I have been going to NFL games since the mid 1980’s and I have seen many changes since 9/11 that have made it increasingly difficult to take photographs at such events. Since then, many venues do not allow fans to bring in certain types of camera equipment, mainly “professional” cameras or lenses. Whether it is for security reasons or for image control reasons, it is often left up to individuals, often lower paid contracted security people, to define what is “professional” or not. In truth, this is an arbitrary term and as any first year law student would tell you not sufficiently descriptive to be understandable. The real impact of such vague definitions is that some people, people like me, are arbitrarily subject to increased scrutiny and action whereas others people in similar circumstances are left unfettered.

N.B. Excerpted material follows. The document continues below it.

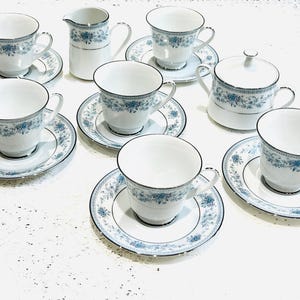 Noritake China Blue Hill pattern Tea Set.   Fine  bone china vintage replacements blue white flowers silver platinum edges.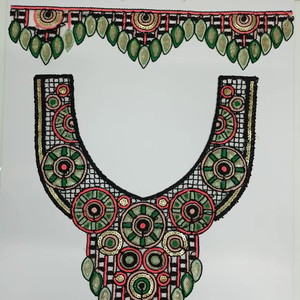 Majestic Net Fabric Indian Gown Kurti Blouse-Patchs de broderie à paillettes élégants fabriqués à la main col de cou couture pour élégant - Product Image 1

Why am I discussing this matter as opposed to subjecting you to my usual game day drivel? Well, the past two weeks I have been asked to stop taking photographs of the beautiful Charger Girls because there is an issue with the camera equipment that I have been using for the past several years. And I have been a season ticket holder since 1999 and have been taking photographs for all that time. My specific equipment may have changed over time, as I have upgraded, but it is essentially a DSLR and a long telephoto lens.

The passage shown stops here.